WHAT TO WORK ON: Write out exactly the lines from the one holding "baroque style Cathedral" to the last line of the entries, both ends included and nothing else, without the pictures.

MATERIAL FOR THIS EXERCISE:
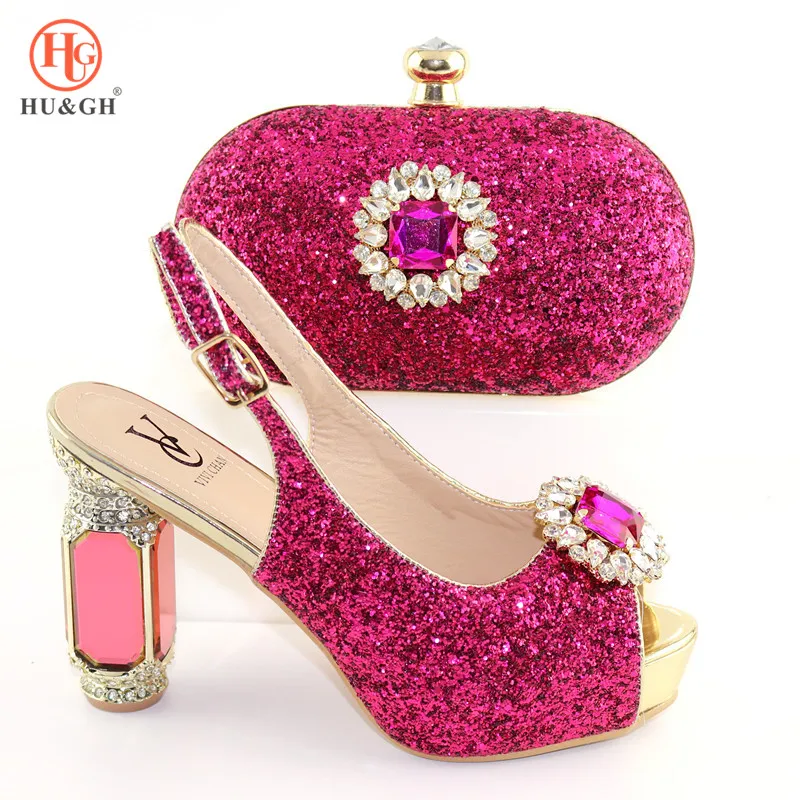 

2019 Fuchsia Shoe and Bag set for Party Italian Shoe with Matching Bag New Design Rhinestones High Heels Wedding Shoe and Bag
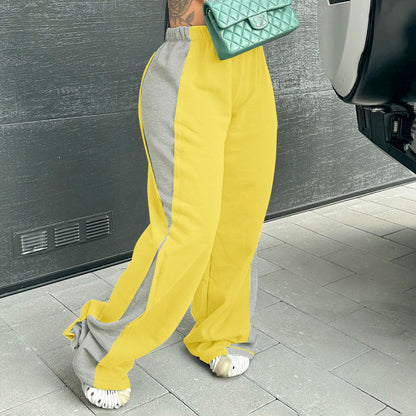 New Street Fashion Color Contrast Loose Sweatpants Casual Trousers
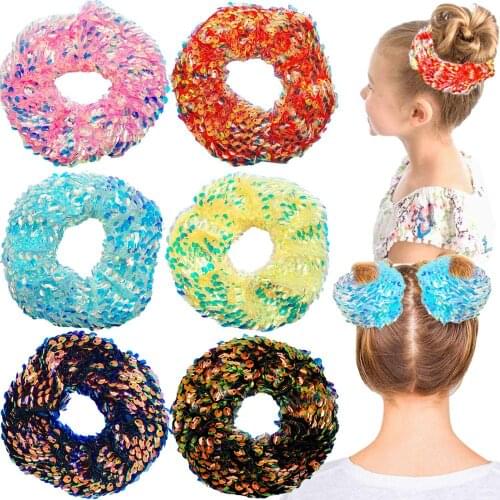 6 Pieces Extremely Shinning Hair Scrunchies for Party sequins Scrunchies Colorful Hair Bands for Women Girls Hair Accessories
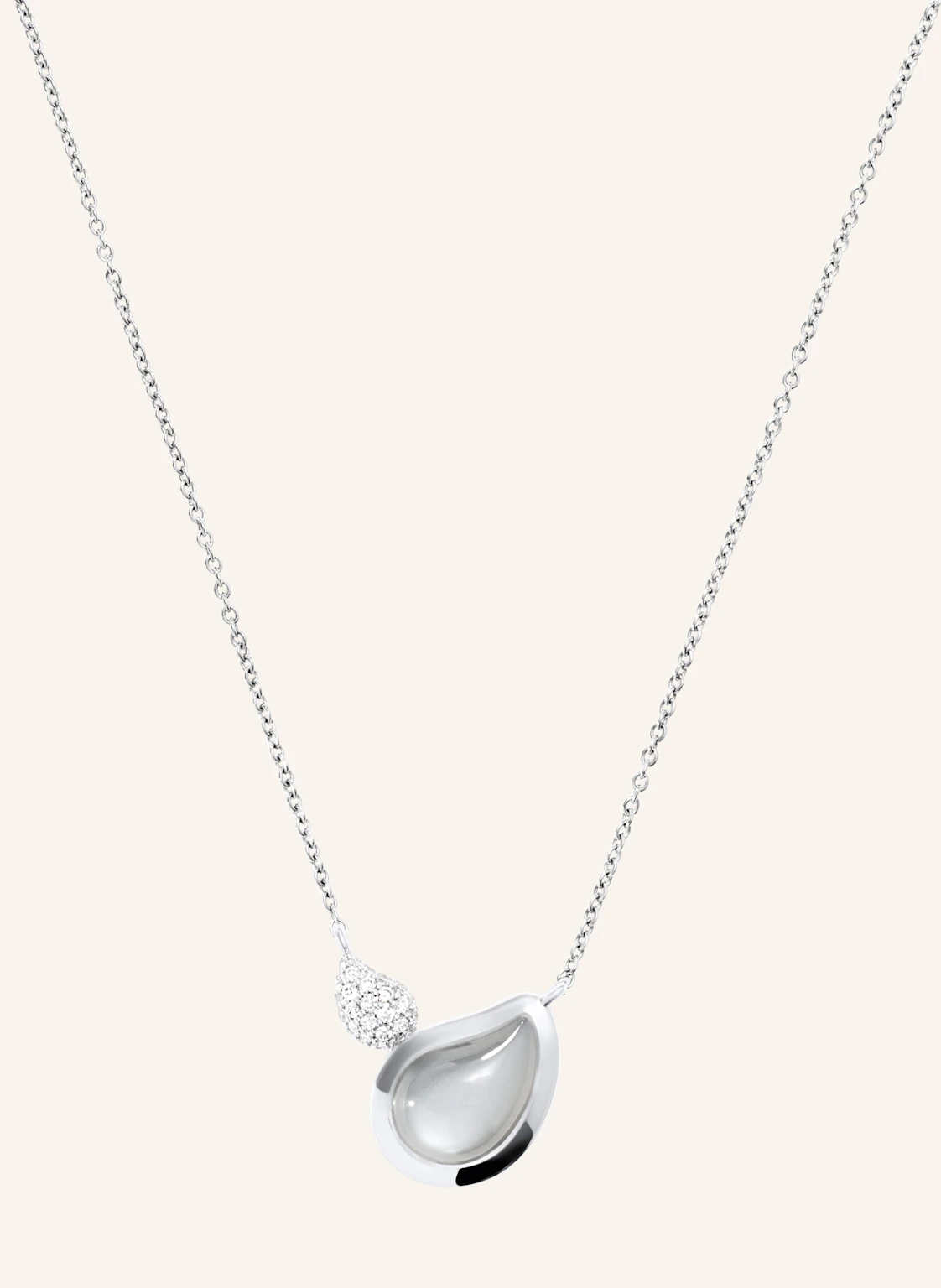 TAMARA COMOLLI Halskette NECKLACE SIGNATURE 2 DROPS MOONSTONE GREY / DIAMOND PAVÉ 18K Weißgold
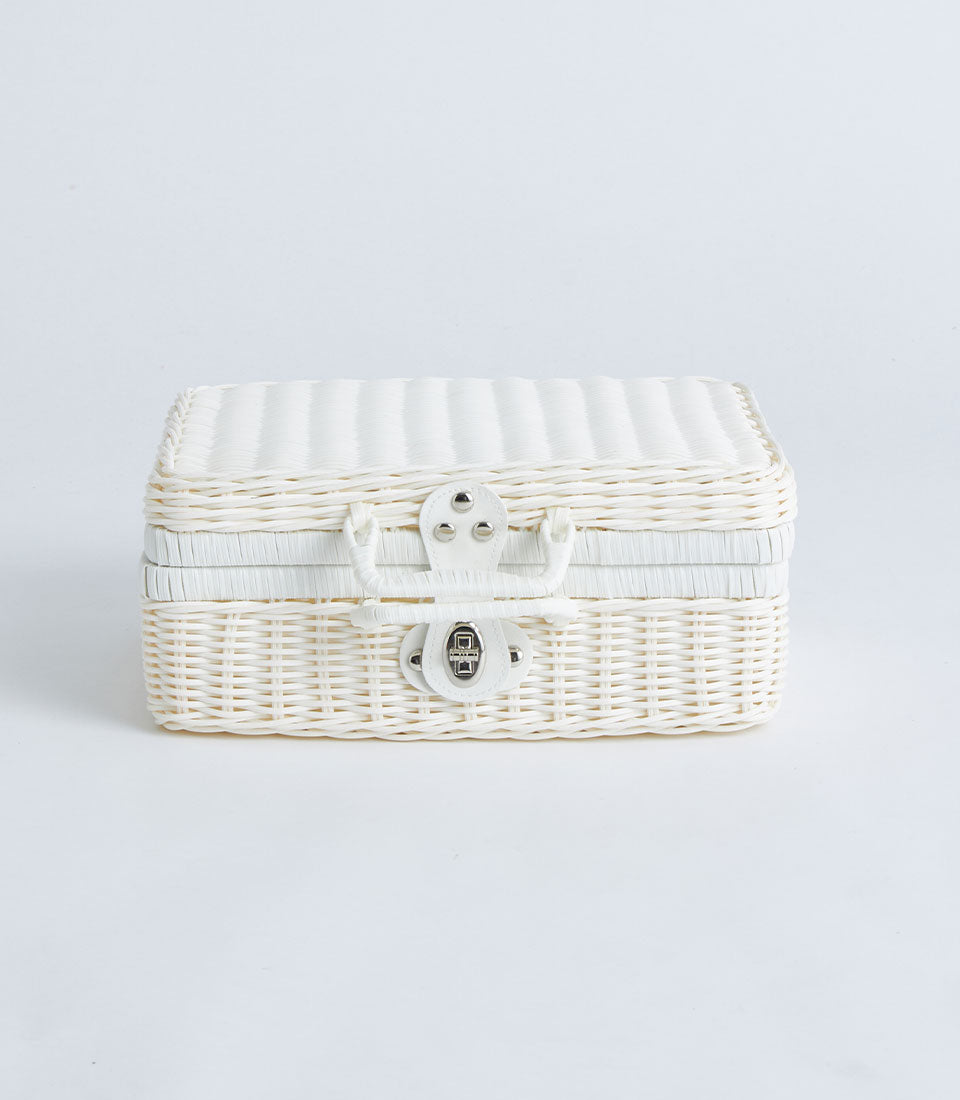 White wicker suitcase basket with silver clasp and faux leather strap, luxury gift hamper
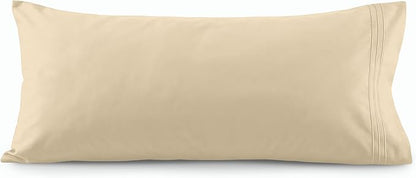 Elegant Comfort Luxury Ultra-Soft 1-Piece Body Pillowcase - 1500 Premium Hotel Quality Microfiber Double Brushed - Wrinkle Resistant, Body Pillowcase Size, Cream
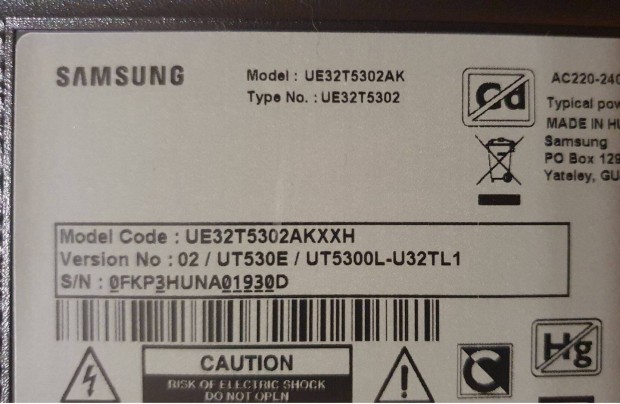 Samsung UE32T5302AK LED LCD hibs trtt alkatrsznek ue32T5302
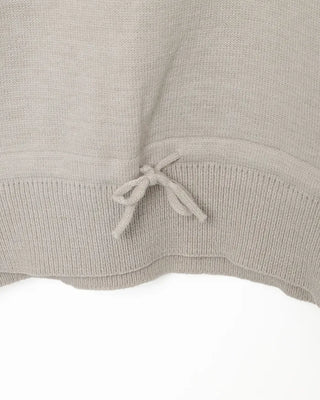 High-neck half-zip waist string sweater
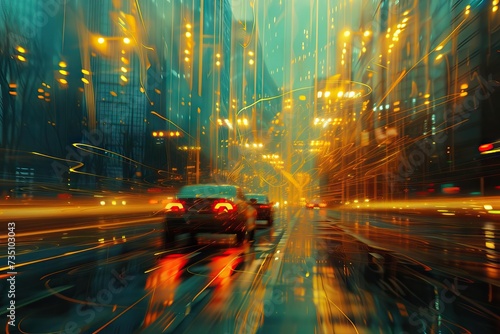 moving car with blur light through city at night. AI generated illustration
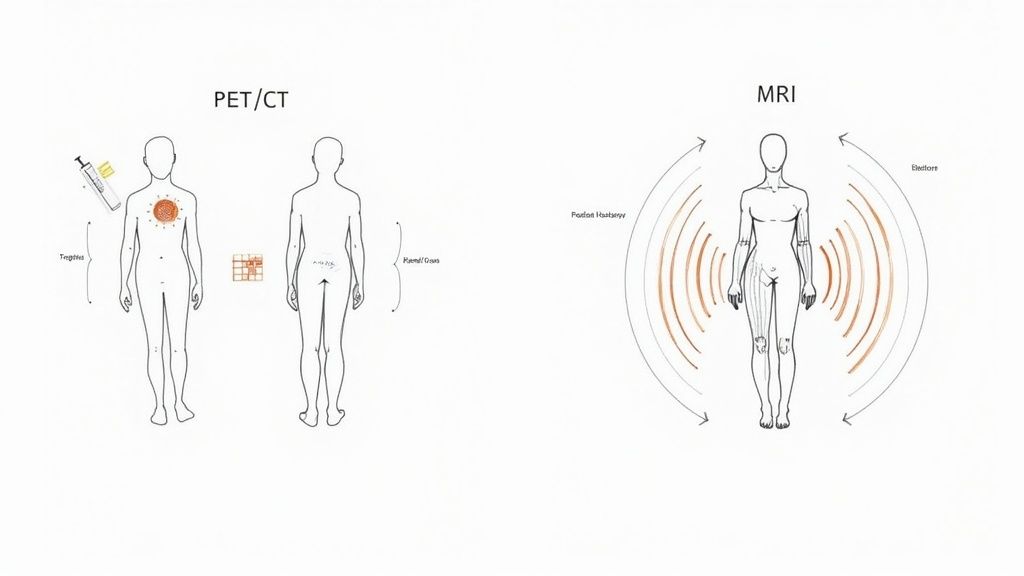 Illustration comparing PET/CT and MRI medical imaging techniques using human body diagrams.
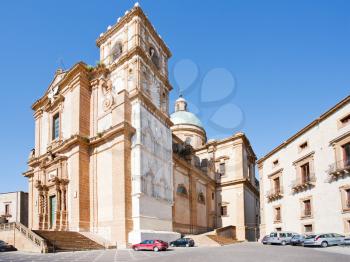 baroque style Cathedral in sicilian town Piazza Armerina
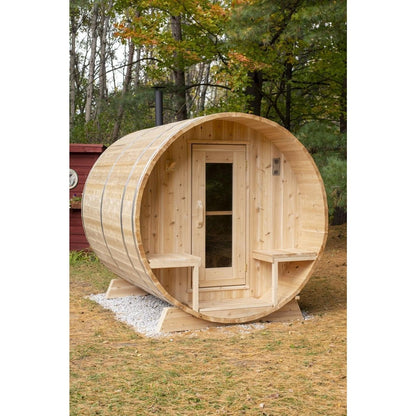 LeisureCraft Canadian Timber CTC2245W Serenity Barrel Sauna – 2–4 Person Outdoor Sauna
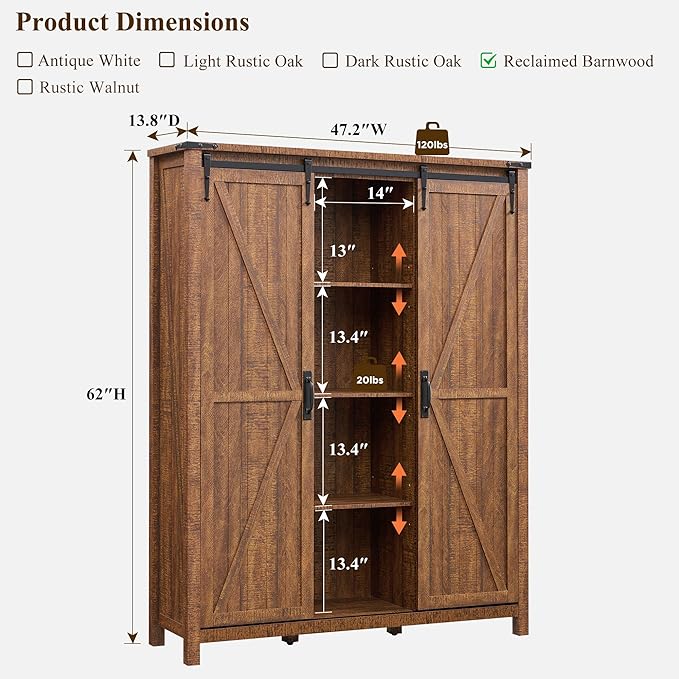 OKD Storage Cabinet with 2 Sliding Door, 7-Tier 62" Tall Farmhouse Entryway Shoe Cabinet, Freestanding Rustic Hidden Shoe Organizer for Entryway, Reclaimed Barnwood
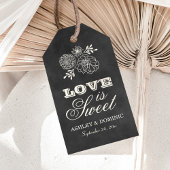 Liefde is Zoet  Zwart Chalkboard Bruiloft Cadeaulabel
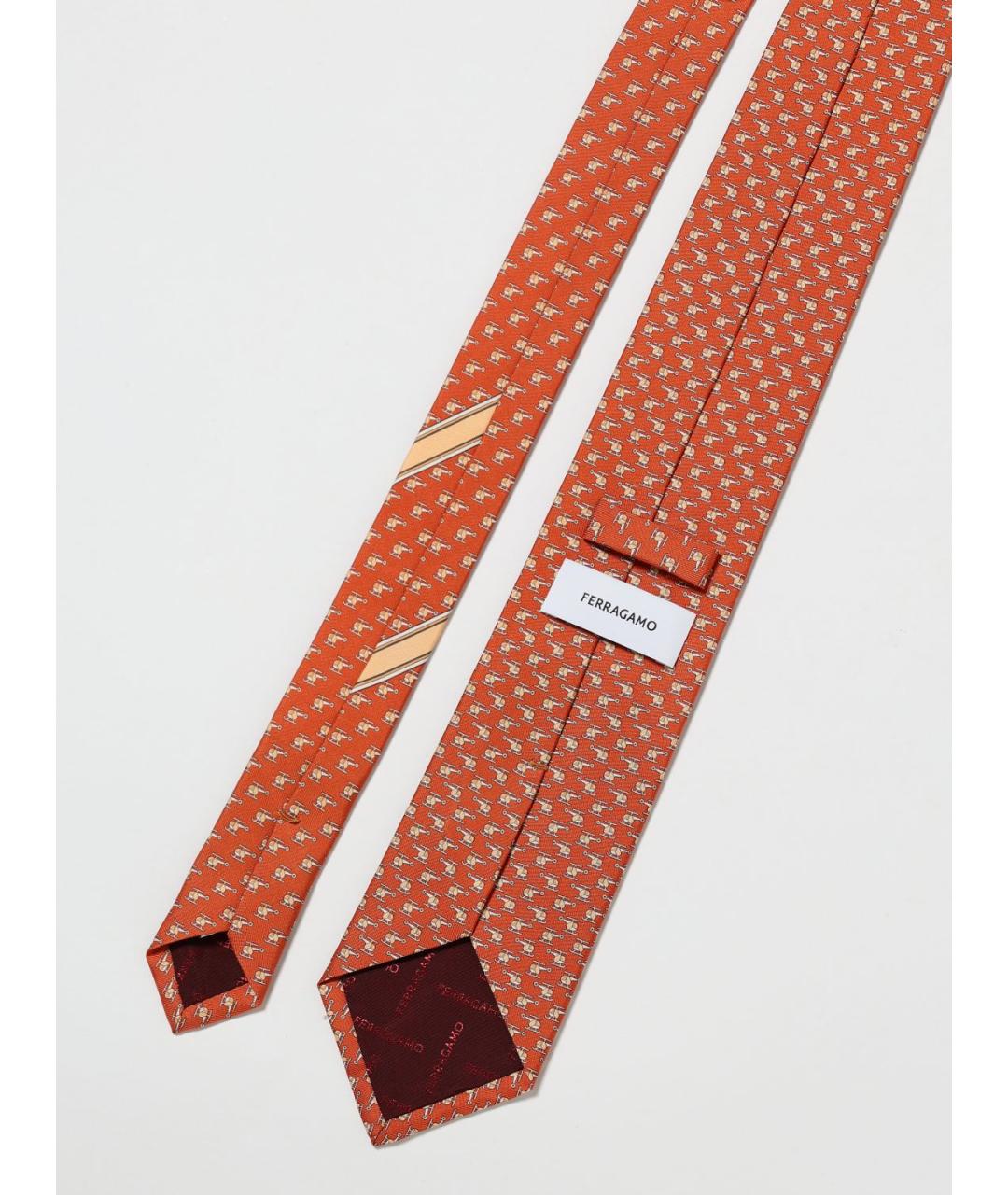 FERRAGAMO Оранжевый шелковый галстук, фото 2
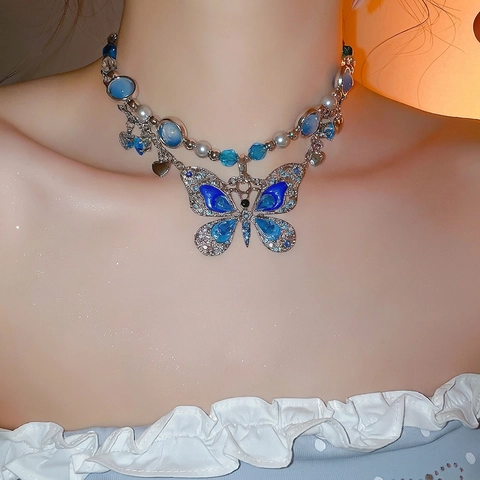 Layered Butterfly Pendant Necklace Alloy Glass Artificial Pearl Rhinestone Blue Silver Y2K Retro Jewelry For Women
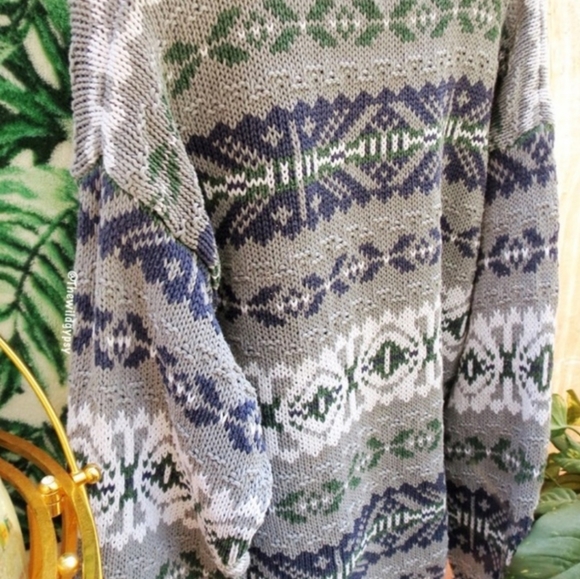 Vintage Gap cozy fair isle oversized chunky knit sweater 🌿 - Picture 3 of 3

SOLUTION:
 baroque style Cathedral in sicilian town Piazza Armerina
 LeisureCraft Canadian Timber CTC2245W Serenity Barrel Sauna – 2–4 Person Outdoor Sauna
 OKD Storage Cabinet with 2 Sliding Door, 7-Tier 62" Tall Farmhouse Entryway Shoe Cabinet, Freestanding Rustic Hidden Shoe Organizer for Entryway, Reclaimed Barnwood
 Liefde is Zoet  Zwart Chalkboard Bruiloft Cadeaulabel
 FERRAGAMO Оранжевый шелковый галстук, фото 2
 Layered Butterfly Pendant Necklace Alloy Glass Artificial Pearl Rhinestone Blue Silver Y2K Retro Jewelry For Women
 Vintage Gap cozy fair isle oversized chunky knit sweater 🌿 - Picture 3 of 3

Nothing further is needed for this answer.